Scientists from INRAE, CNRS and the Université Claude Bernard Lyon 1 have identified genes that allow the vine to change sex.

9/7/2020

Hermaphrodite vine.

The grape, consumed as fruit or in wine, comes from the domesticated vine Vitis vinifera, a descendant of the wild vine (Vitis sylvestris). For several years, the domestic vine has been examined from all angles, mobilizing disciplines from genetics to physiology to physics. But a question remained in the scientific world: how to explain that the domestic vine is hermaphroditic when its wild ancestor is not? For the first time, scientists from INRAE, CNRS and the Université Claude Bernard Lyon 1 were able to sequence the genome of wild grapes. This sequencing, using innovative techniques, made it possible to read this ancestral genome and identify genes that allow the vine to change sex. Their work appeared September 7 in the journal Genome biology.
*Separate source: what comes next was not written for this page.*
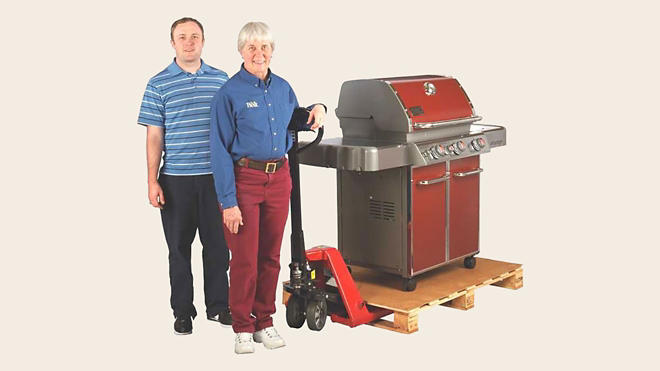 Two people standing next to a grill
Flowering plants are often hermaphroditic, but in about 6% of species the sexes are separated with an evolution of male and female plants. A situation similar to that of many animals. These sex-separated species, called dioecious by botanists, are over-represented among cultivated plants (approximately 20%). We observed cases in which the domesticated plant and its wild ancestor are dioecious (eg, date palm, asparagus, persimmon) and cases in which domestication was accompanied by a reversion to hermaphroditism (eg, vine, papaya, strawberry). ). This change in the sexual system has been a key factor in the domestication of the vine and the production of grapes. In fact, if the domestic vine were not hermaphroditic, then it would be necessary to plant males to pollinate the females to produce grapes. This situation would imply the presence of vine plants that would not bear fruit, the males, and the risks of imperfect fertilization of the females, giving incomplete clusters. But then what changes took place in the sexual system of the vine during its domestication?

To answer this question, researchers from INRAE, CNRS and the Université Claude Bernard Lyon 1 sequenced and analyzed the DNA of wild grapes, a novelty in plant biology. Thanks to innovative techniques, several candidate genes involved in sexual determinism have been identified in wild grapes. One of these genes, involved in the abortion of female organs in male flowers, has been naturally altered in house grapes. This gene represents an excellent candidate to explain the reversion to hermaphroditism in domestic grapevines. This work represents a great advance in the understanding of the domestication process of the vine, and the methodology used can be used to elucidate changes in the sexual systems in other cultivated plants of dioecious origin.